The GPR75 gene encodes a transmembrane protein belonging to the G protein-coupled receptor (GPCR) family. This receptor is primarily expressed in the brain, particularly enriched in the cilia of hypothalamic neurons that regulate appetite. It couples with Gαq proteins to activate downstream signaling pathways (such as MAPK, NF-κB, etc.), participating in the regulation of energy balance, feeding behavior, and fat metabolism ^[1-2]. The encoded protein comprises 540 amino acids with a typical 7-transmembrane structure. Upon binding with ligands like 20-hydroxyeicosatetraenoic acid (20-HETE), it can trigger physiological effects such as inflammation, vasoconstriction, and lipid accumulation ^[2-3]. Research has found that loss-of-function or mutations in GPR75 (e.g., the L144P variant) can significantly reduce body weight and fat mass, resist high-fat diet-induced obesity and non-alcoholic fatty liver disease (NAFLD), and improve insulin sensitivity ^[3-4]. Furthermore, GPR75 mediates 20-HETE-induced cardiomyocyte apoptosis in the cardiovascular system, which is associated with hypertension and endothelial dysfunction ^[2-3]. In cancer, GPR75 may promote cachexia progression by regulating white adipose tissue browning ^[5]. Whole-exome sequencing has revealed that rare variants in GPR75 are closely related to low BMI and reduced obesity risk in humans, making it a promising therapeutic target for obesity, metabolic syndrome, and cardiovascular diseases ^[3].

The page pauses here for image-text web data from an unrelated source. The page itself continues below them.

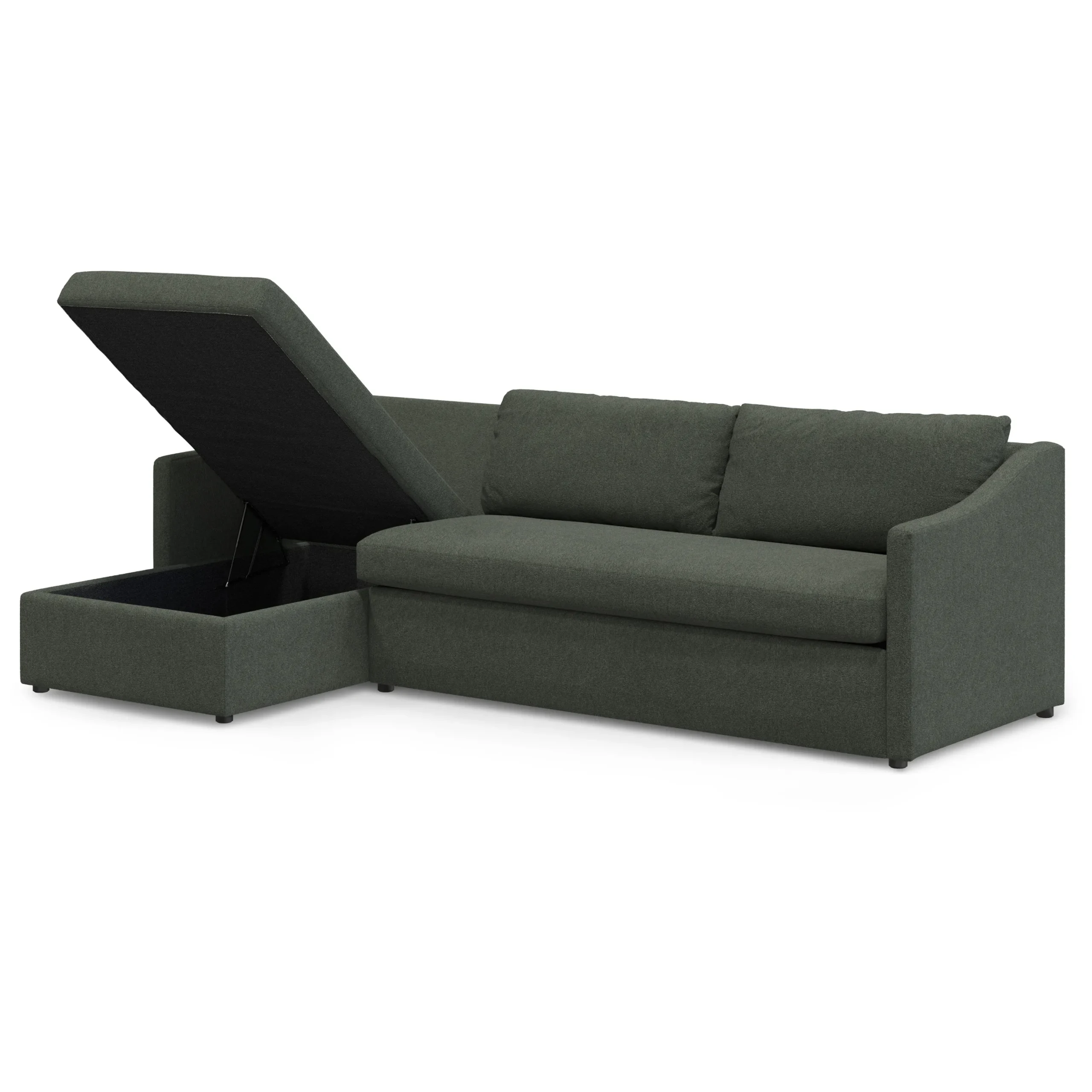 Landry 109_ Left Storage Sleeper Sectional - Green Wool Bouclé - Image 5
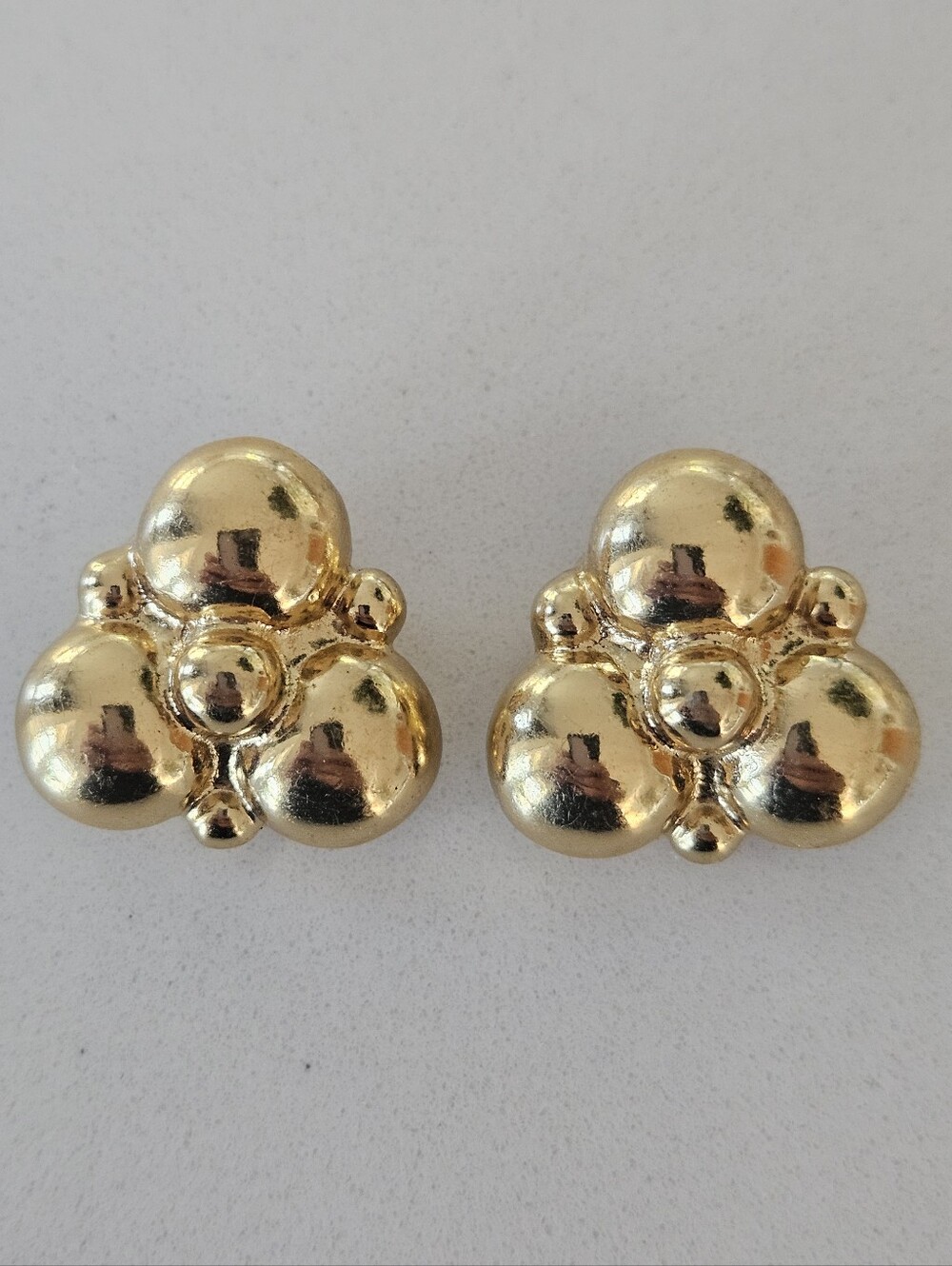 Vintage YSL Yves Saint Laurent Gold Bubble Cluster Clip-On Earrings 1.25"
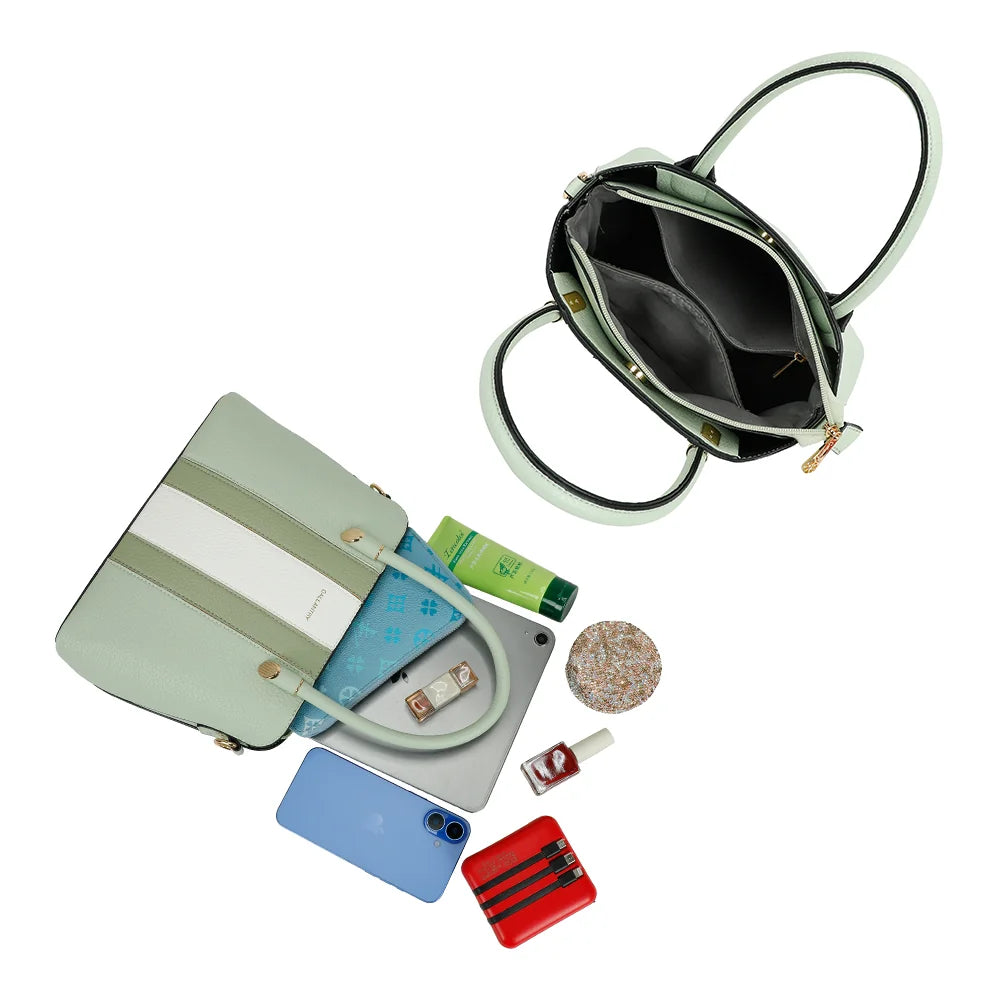 Intérieur du Linéa vert clair : fermeture zippée et plusieurs poches pour ranger téléphone et essentiels – réf. KJ-62051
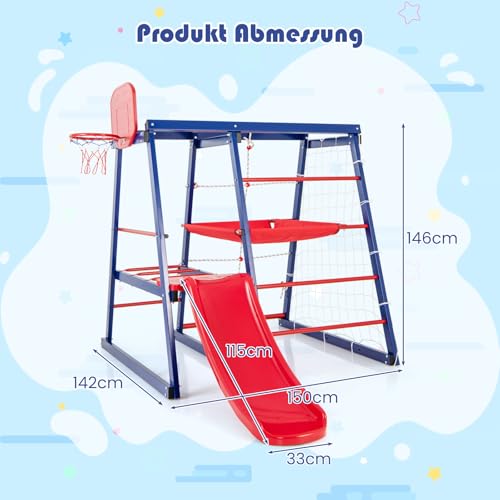 DREAMADE Metall Klettergerüst Outdoor, 150x142x146cm Spielturm Garten, Outdoor Kinder Kletterturm mit Rutsche & Kletternetz & Krabbelleiter & Strickleiter & Basketballkorb für Kinder ab 3 Jahren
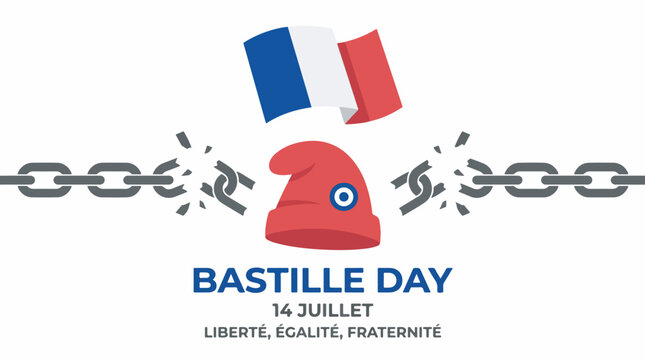 A vector illustration celebrating Bastille Day with a French flag, Phrygian cap, and broken chains symbolizing freedom and the French Revolution.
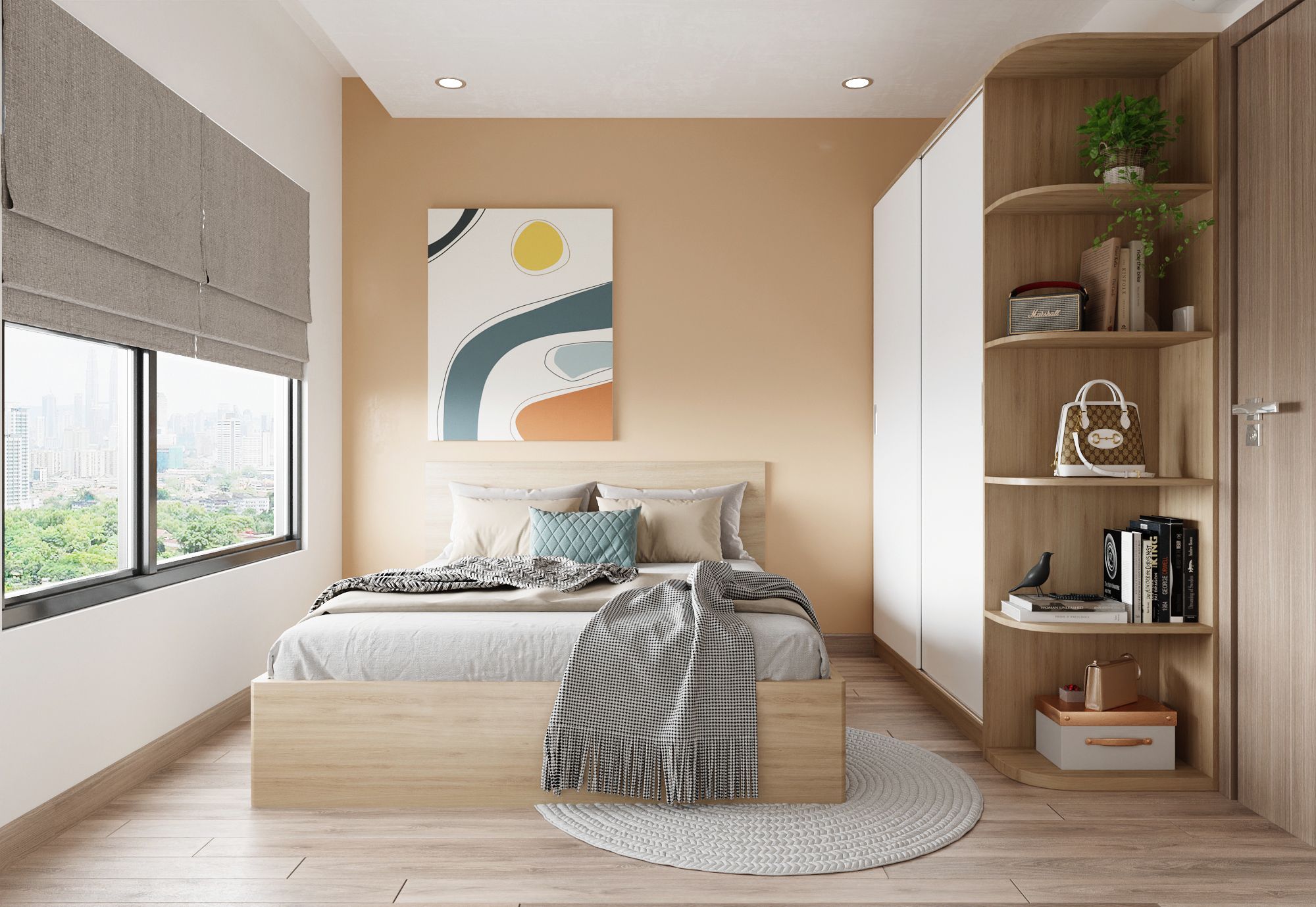 Sơn màu kem mang đến không gian phòng ngủ một cảm giác ấm áp và dịu dàng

The Gpr75 KO mouse is a knockout (KO) model in which the exon 2 of the mouse Gpr75 gene (homologous to the human GPR75 gene) has been deleted via gene-editing technology. This model can be used to study the pathogenic mechanisms of diseases such as obesity, metabolic syndrome, and cardiovascular diseases, and to provide a basis for developing related therapeutic strategies.